How many cactus pictures do you plan to take?

Guadalupe Mountains National Park, Texas – 7 April, 2006

We left the Big Bend Park two days ago and drove though the mountains on the border along the Rio Grande River to the small border town of Presidio. It had lots of unpaved dusty streets. We see herds of brown and white antelope as we drive. We turn north and end up camped in the Guadalupe Mountains National Park on the Texas/New Mexico border.

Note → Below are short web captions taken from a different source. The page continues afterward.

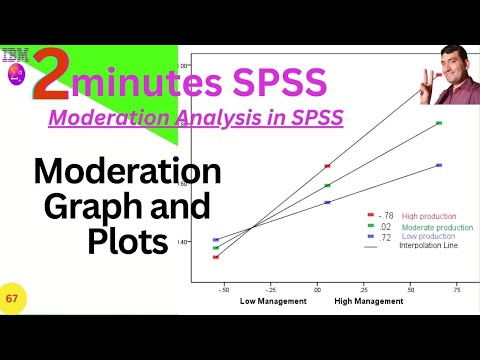 SPSS Moderation Graph | Interaction Graph | Moderation Plot | Interaction Plot | 2 minutes SPSS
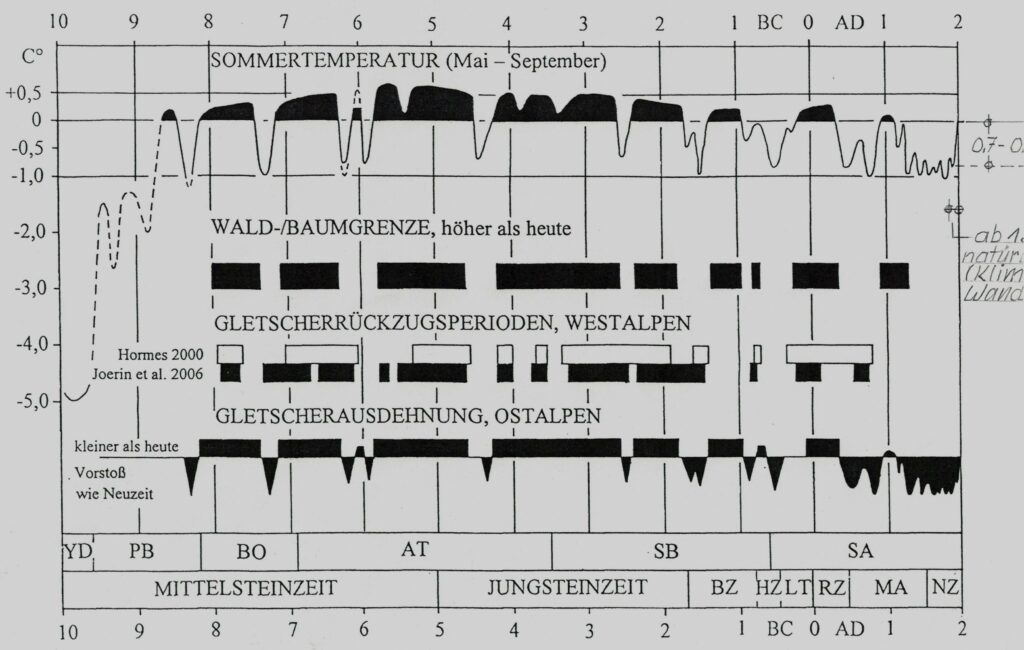Temperaturen in den kleinen Eiszeiten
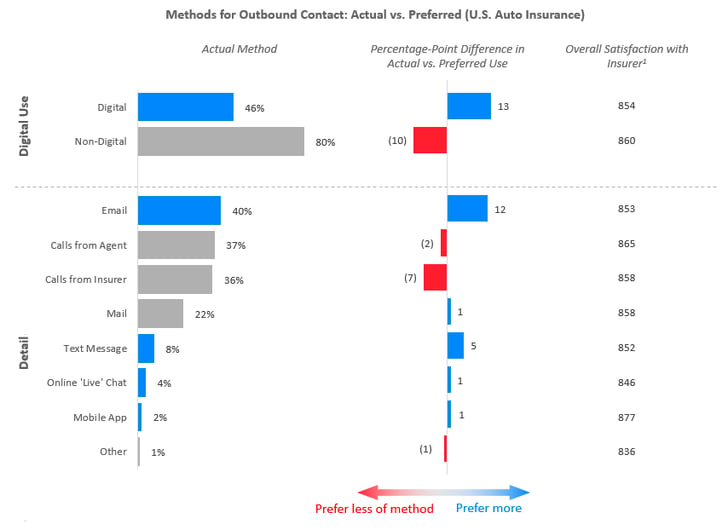 2019 US INS Communication Newsletter Chart 2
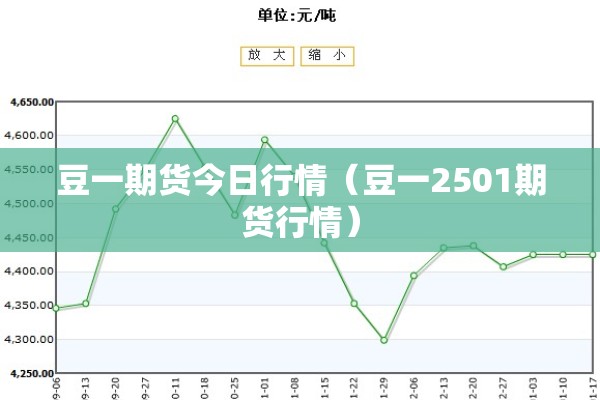 豆一期货今日行情(豆一2501期货行情) 豆一期货今日行情(豆一2501期货行情)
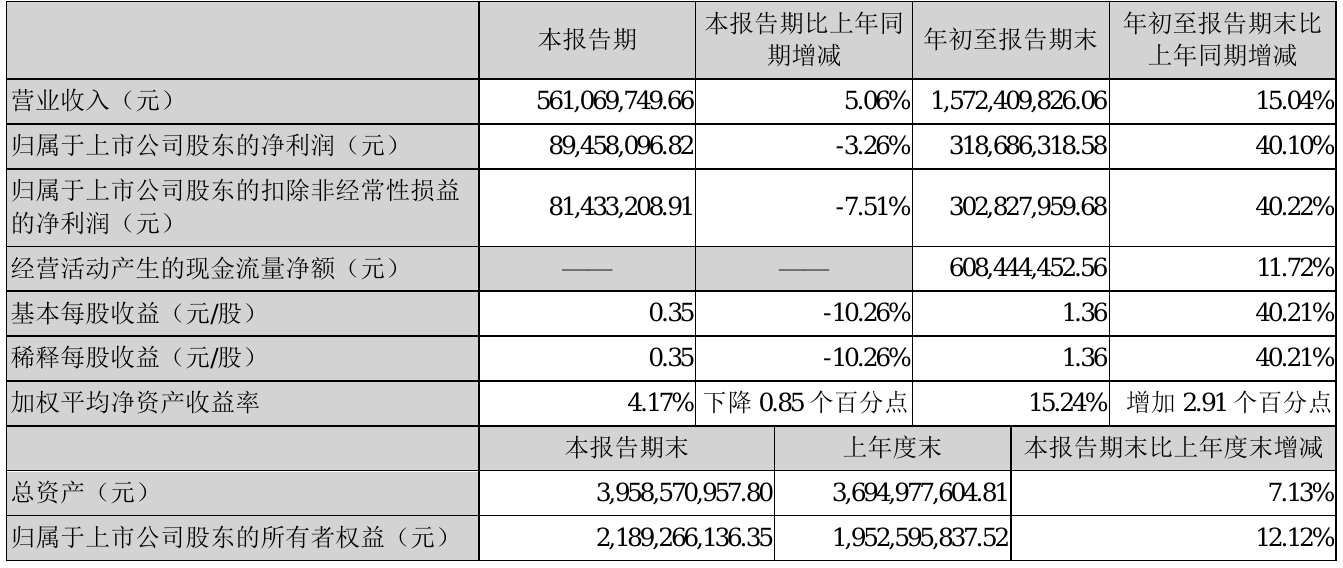 华特达因：2025年度业绩不属应披露预告范围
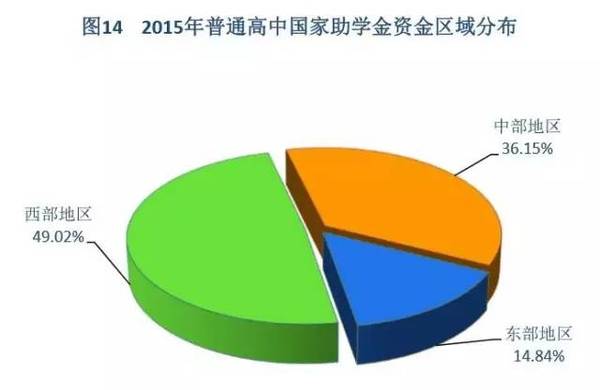 100%精准一肖一码,数据资料解释落实_完整版68.168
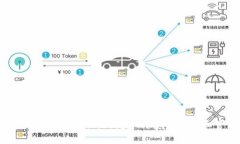 什么是Tokenim助记词？如何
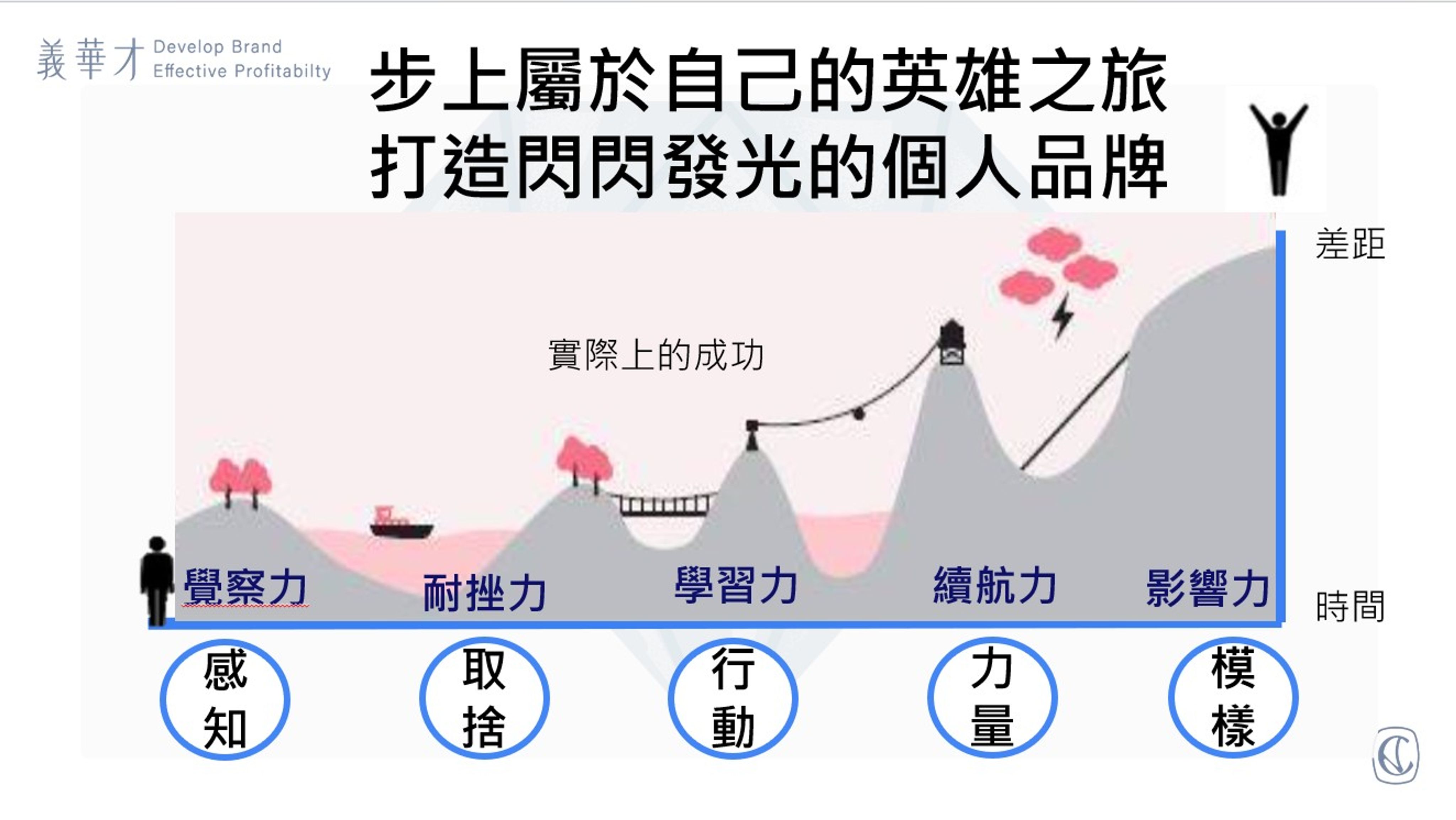 <p>課堂講義先偷瞄一下🫰</p><p>打造✨閃閃發光的個人品牌之旅!</p>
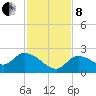 Knockemdown Key tide chart for Sunday, December 8, 2024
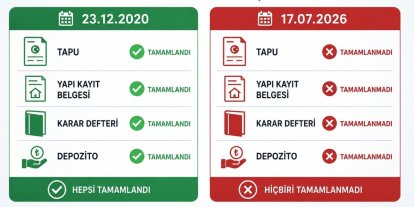 DESKİ’den CHP’nin abonelik iddialarına yanıt: "Kişiye özel belge talebi gerçek dışı"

A lady with a German accent glares at me and asks if I plan to use my generator. She has been parked in Big Bend next to a man who ran his all day so he could watch TV in air-conditioned comfort. Apparently he felt it was too hot to venture outside. I ask her if her dogs bark and promise not to crank it up. She softens a little and tells me about an Arizona State Park where she has been a Ranger that has much better caverns than Carlsbad.

We took a two hour hike yesterday morning here in the Guadalupe Park. Mrs Phred catches me taking another picture of a cactus and questions my judgment. There aren't many animals or water sources here. The hike to the Guadalupe peak had a 3,000 foot elevation gain. (I'm not ready for one like that yet).

In the afternoon we drive 50 miles north to see Carlsbad Caverns again. The last time we saw them was 1982 on a long camping trip in a van with our twelve year old son and one of his friends. Both of them are lawyers now with children of their own. There are only 300,000 Mexican Free-tail bats left in the cave. A paltry number after seeing the Austin Bridge. I use a tripod for the long exposures in the darkened caverns.